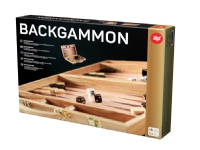 Produktfoto för Alga Backgammon (Nordic)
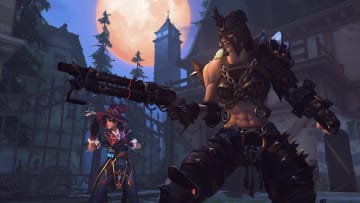 Junkerstein's Revenge: Wrath of the Bride is a new take on the classic game mode.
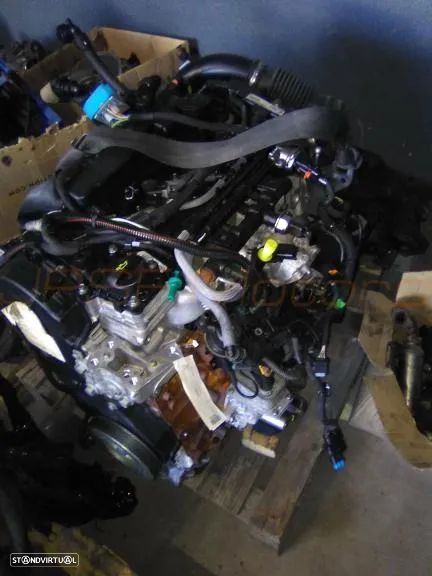 Motor Peugeot Boxer 2.0HDi Ref: AH01 - 1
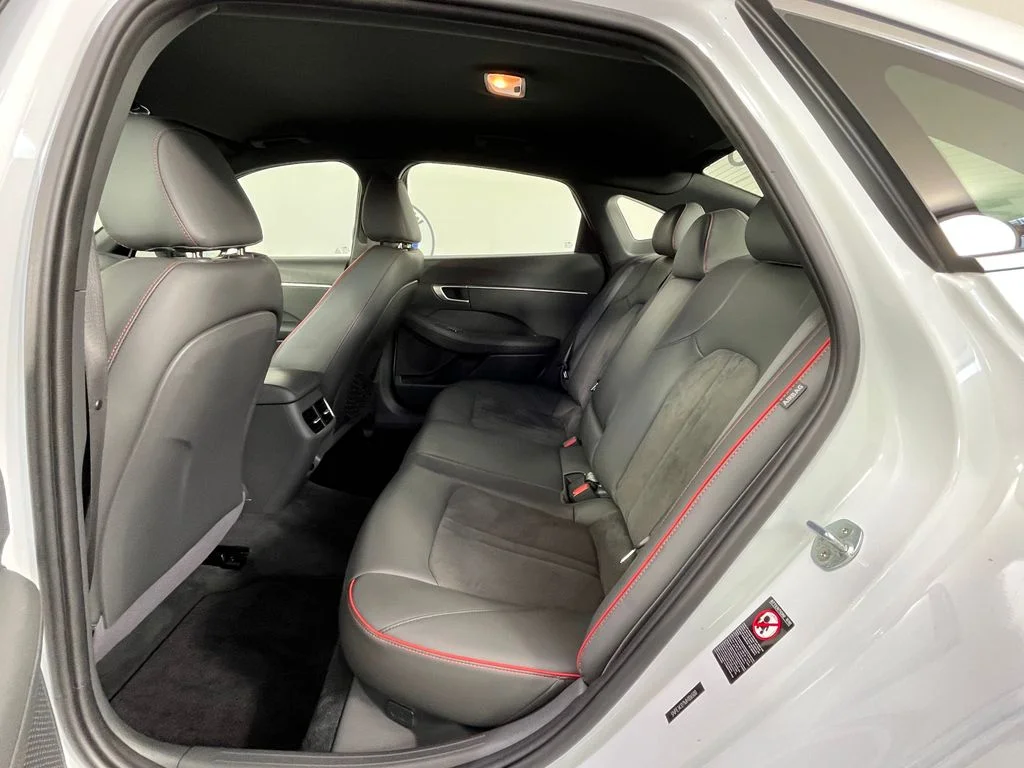 Used 2021 Gray Hyundai SEL Plus image 20
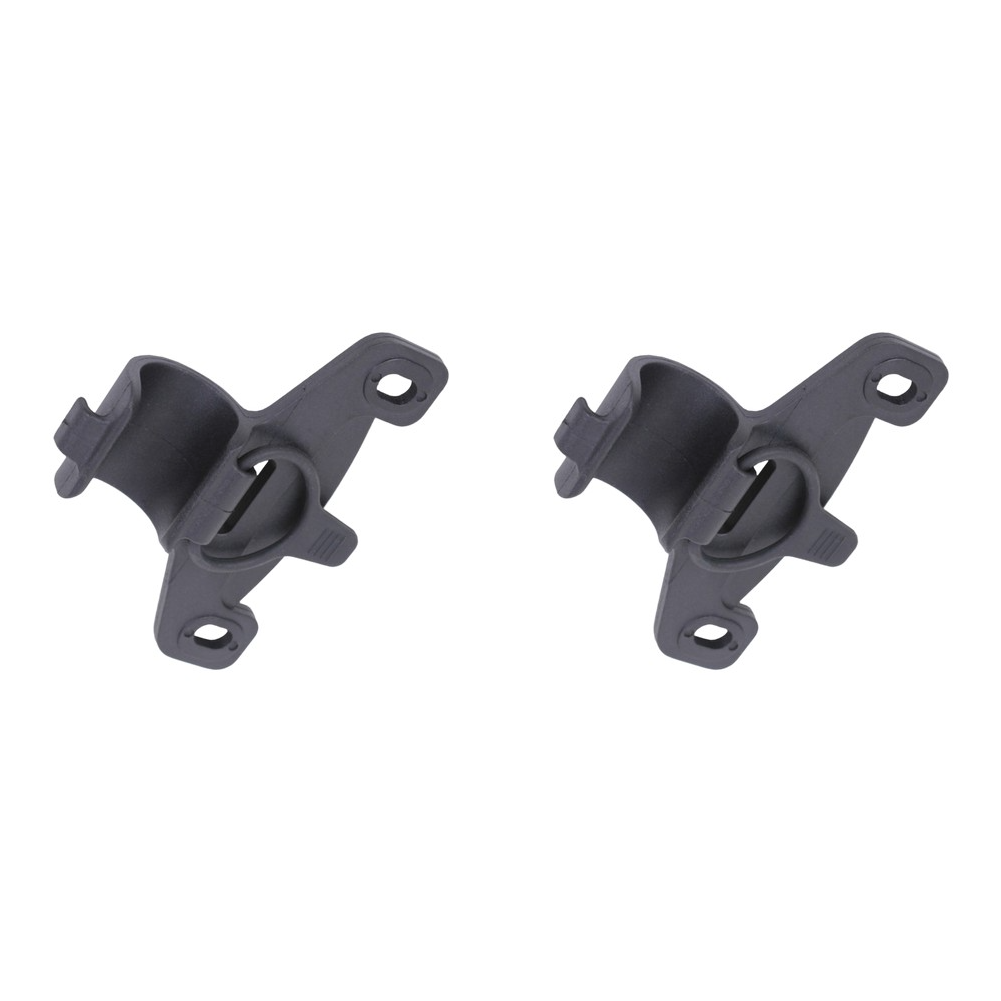 플로어 펌프 홀더 세트 2개 나일론 클램프(실리콘 밴드 - Bike Pump Frame Mount 리뷰 및 가격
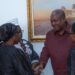 President Mahama Pays Glowing Tribute to Ambassador Victor Gbeho 12 President Mahama meets Ambassador Victor Gbeho's Family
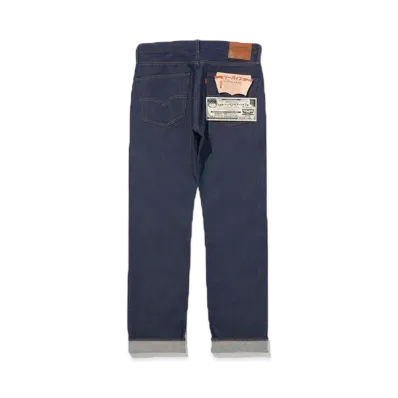 Levi's 501 Original Fit 150th Anniversary "JAPAN" Model Men "Dark Indigo"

◆ ◆ ◆ ◆ ◆ ◆ ◆

**Aim of the task**
Where an entry includes an image, skip the image and return everything else exactly.

**Answer box**
 Produktfoto för Alga Backgammon (Nordic)
 Junkerstein's Revenge: Wrath of the Bride is a new take on the classic game mode.
 Motor Peugeot Boxer 2.0HDi Ref: AH01 - 1
 Used 2021 Gray Hyundai SEL Plus image 20
 플로어 펌프 홀더 세트 2개 나일론 클램프(실리콘 밴드 - Bike Pump Frame Mount 리뷰 및 가격
 President Mahama Pays Glowing Tribute to Ambassador Victor Gbeho 12 President Mahama meets Ambassador Victor Gbeho's Family
 Levi's 501 Original Fit 150th Anniversary "JAPAN" Model Men "Dark Indigo"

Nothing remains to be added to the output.